Governor eyes special legislative session
CARSON CITY (AP) – Nevada Gov. Kenny Guinn scheduled a meeting Monday with top aides and key legislative staffers to talk about the possible need for a special session to pay a $10.3 million judgment in a state construction contract dispute.
The governor “is trying to figure out what our options are,” Guinn chief of staff Keith Munro said. “Either we have to see whether we can stay the judgment or find out if we have the money to pay it.”
If a stay isn’t likely and money isn’t available from usual emergency sources to pay the contractor who built a veterans home in southern Nevada, a one-day special session could be convened to authorize the funding from a large state surplus. At the same time, lawmakers also could beef up a contingency fund normally tapped for fiscal emergencies.
The $10.3 million payment was ordered by an arbitration panel that determined the state Public Works Board and its architects – not contractor Addison Inc. – were responsible for costly construction delays at the veterans home in Boulder City.
If the governor waits until the regular 2007 legislative session to request the funds, the state could win up for about $800,000 in interest payments. A brief special session would cost about $50,000.
Guinn has said he considers a special session a “last resort,” and state attorneys have been looking for a way to overturn the arbitration panel’s decision.

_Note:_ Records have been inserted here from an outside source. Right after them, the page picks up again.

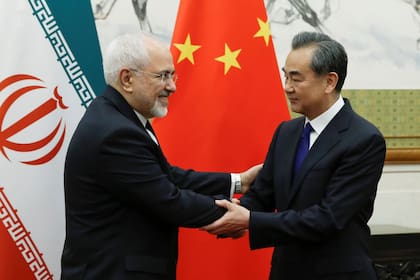 Zarif, el ministro de Relaciones Exteriores iraní, con su par chino Wang Yi, en Pekín
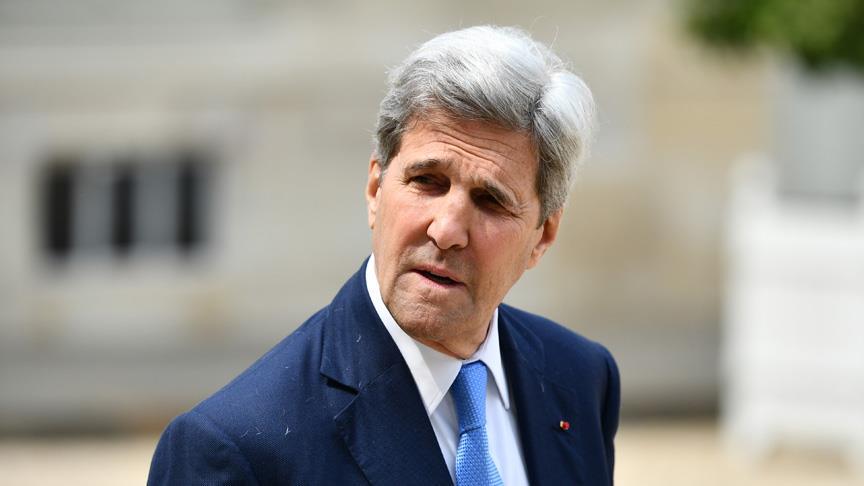 ABD Eski Dışişleri Bakanı Kerry: Trump, ABD halkına yalan söylüyor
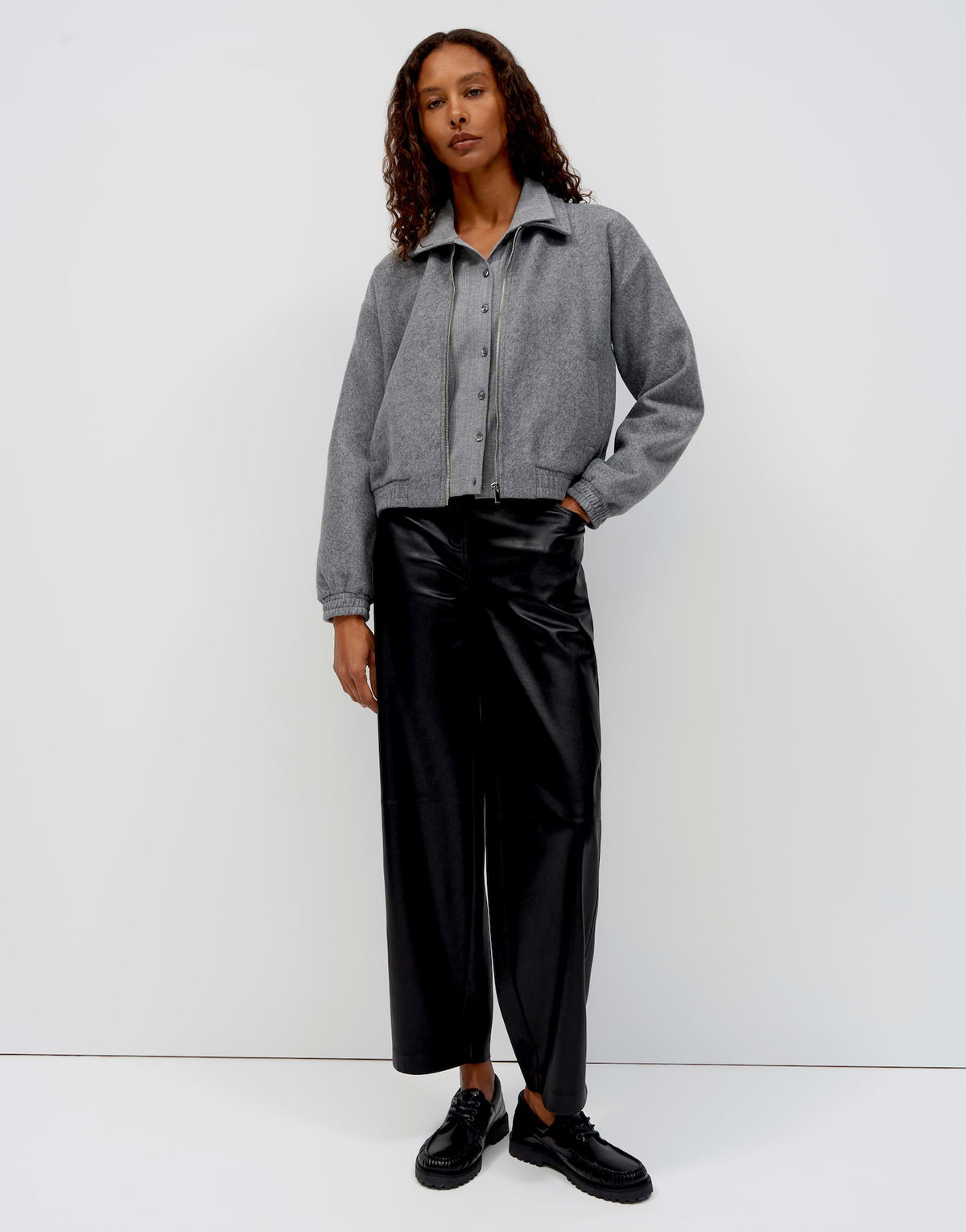 Gerzi (Quiet Grey)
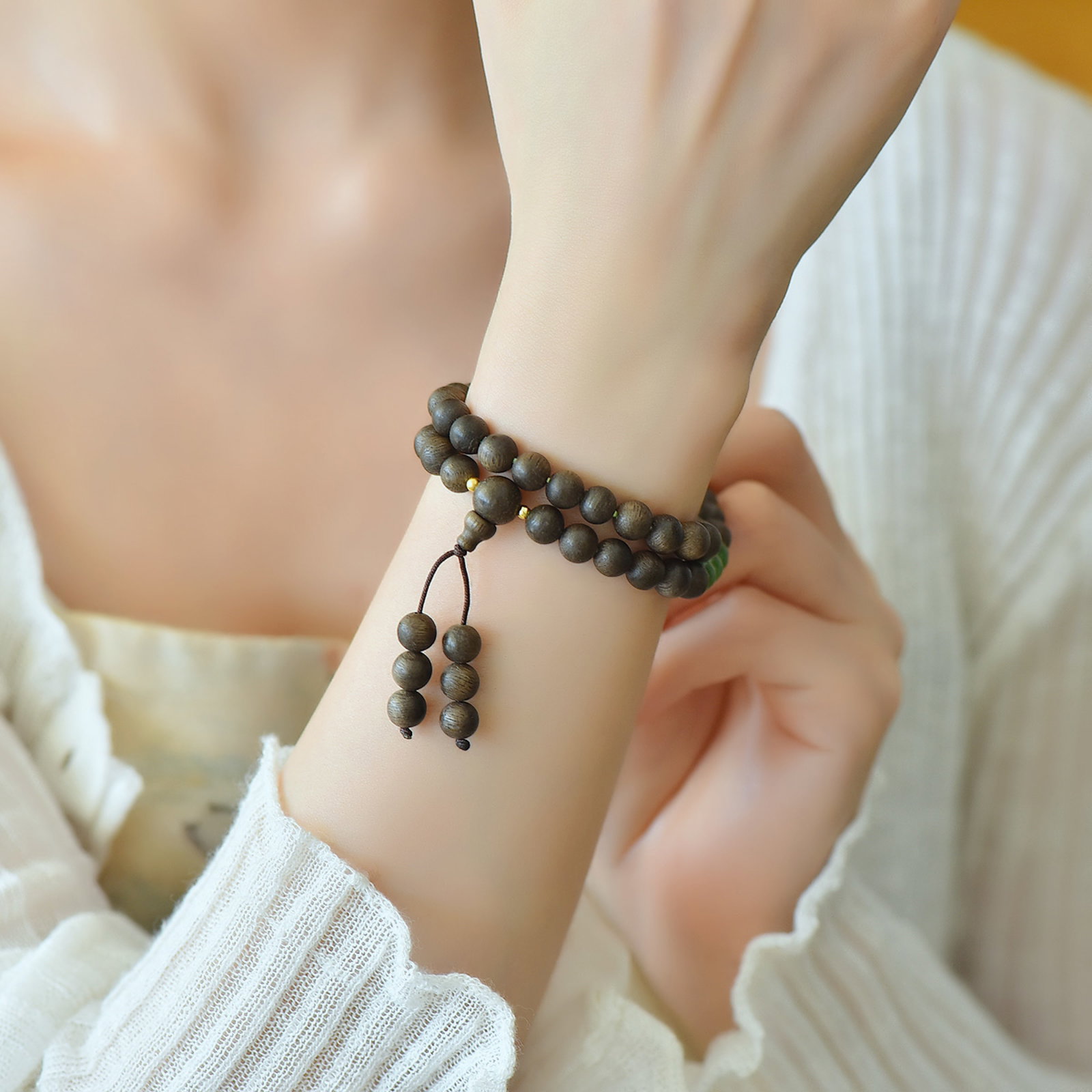 An Exquisite Jasper Eaglewood Bracelets (1 of 6)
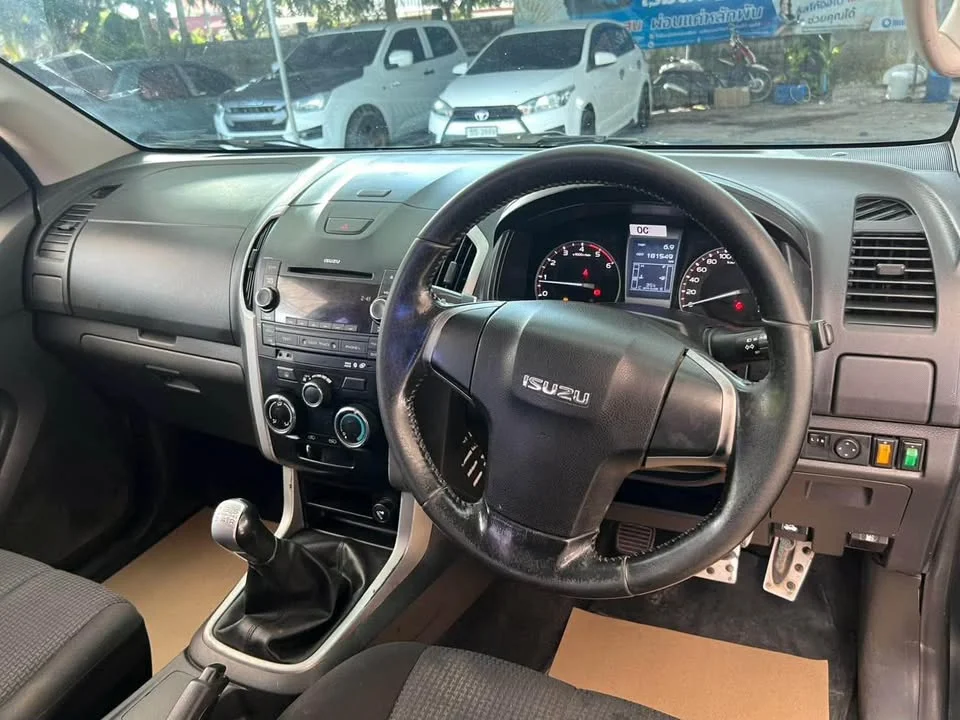 2013 Isuzu D-Max II (RT) 2
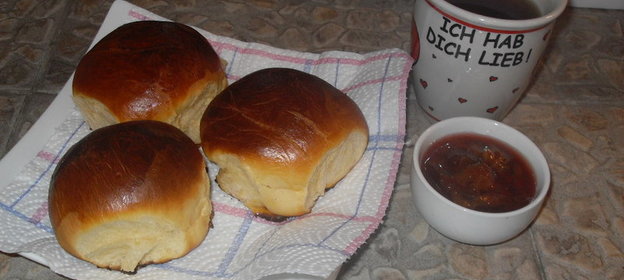 Булочки к чаю и сливовое варенье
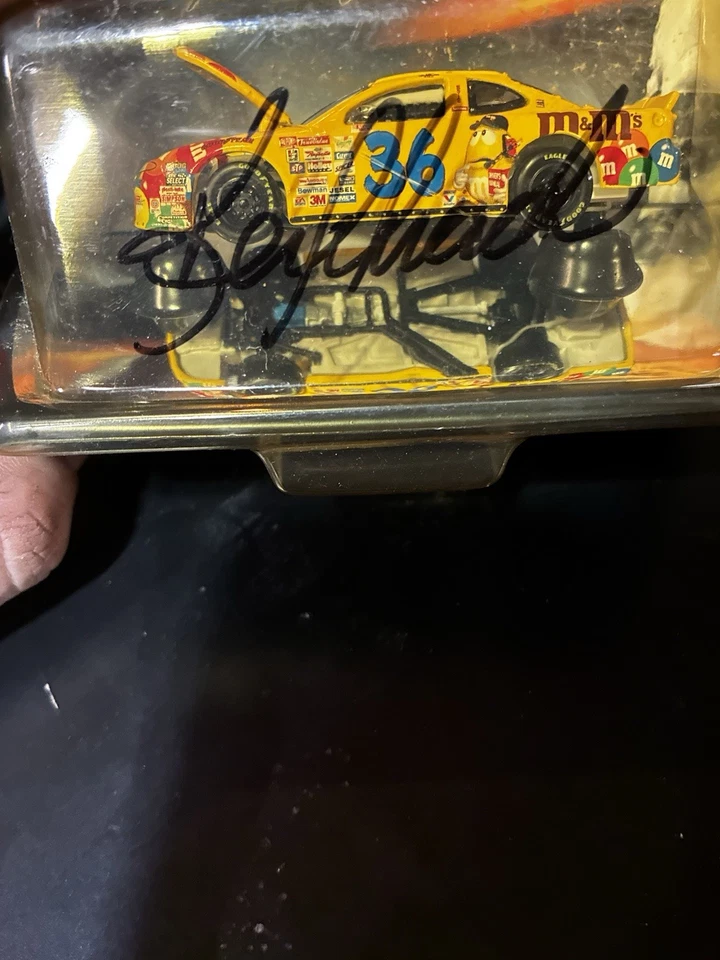 2001 Hot Wheels Select 1:64 автомобиль Ken Schrader M&M No36 ограниченный выпуск - Изображение 2 из 2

That decision is due to be filed this week in District Court in Las Vegas.
Addison lawyer Thomas Kummer has said less than 1 percent of appeals from binding arbitration are successful. He said a showing of fraud, corruption or other type of misconduct must be shown, and nothing like that happened in this case. Besides the judgment, the state has spent $3.9 million in legal fees and expert-witness costs in the dispute with Addison and its subcontractors, according to state Budget Director Andrew Clinger.
Following the arbitration panel decision, Guinn asked for and got Dan O’Brien’s resignation as manager of the Public Works Board. Guinn also said he would urge Nevada’s next governor to press for a board dominated by elected officials rather than the current system of appointees from the construction industry.
Munro noted Guinn sought a law change in 2005 that would have revised the board to include elected officials and some general public members, but the measure died.